• **How to complete this task**: The line that contains "Building Photo - 2440 E Preserve Way" and all lines following it to the end of the data below: set these down exactly, and nothing besides.

[Records from a dataset]
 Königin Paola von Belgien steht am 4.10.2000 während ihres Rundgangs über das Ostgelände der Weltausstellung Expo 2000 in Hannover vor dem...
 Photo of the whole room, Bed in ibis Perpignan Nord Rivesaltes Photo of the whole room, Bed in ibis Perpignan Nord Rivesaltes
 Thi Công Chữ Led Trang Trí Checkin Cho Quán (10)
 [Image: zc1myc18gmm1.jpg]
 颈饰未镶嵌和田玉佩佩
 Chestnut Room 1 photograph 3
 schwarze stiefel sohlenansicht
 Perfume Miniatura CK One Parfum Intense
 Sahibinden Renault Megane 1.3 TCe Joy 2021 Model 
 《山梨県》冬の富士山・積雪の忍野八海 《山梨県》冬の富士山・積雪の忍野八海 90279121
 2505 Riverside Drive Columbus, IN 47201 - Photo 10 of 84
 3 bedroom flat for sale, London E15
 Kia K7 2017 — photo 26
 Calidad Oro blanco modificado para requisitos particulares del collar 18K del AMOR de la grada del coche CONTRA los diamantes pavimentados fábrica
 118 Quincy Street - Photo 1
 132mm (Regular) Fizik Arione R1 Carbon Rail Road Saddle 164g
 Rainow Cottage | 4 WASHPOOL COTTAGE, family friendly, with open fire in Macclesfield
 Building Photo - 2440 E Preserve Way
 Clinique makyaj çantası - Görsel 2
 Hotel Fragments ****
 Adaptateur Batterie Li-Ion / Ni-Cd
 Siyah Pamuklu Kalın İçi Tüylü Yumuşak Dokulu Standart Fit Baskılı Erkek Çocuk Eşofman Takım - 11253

• **Solution**:
 Building Photo - 2440 E Preserve Way
 Clinique makyaj çantası - Görsel 2
 Hotel Fragments ****
 Adaptateur Batterie Li-Ion / Ni-Cd
 Siyah Pamuklu Kalın İçi Tüylü Yumuşak Dokulu Standart Fit Baskılı Erkek Çocuk Eşofman Takım - 11253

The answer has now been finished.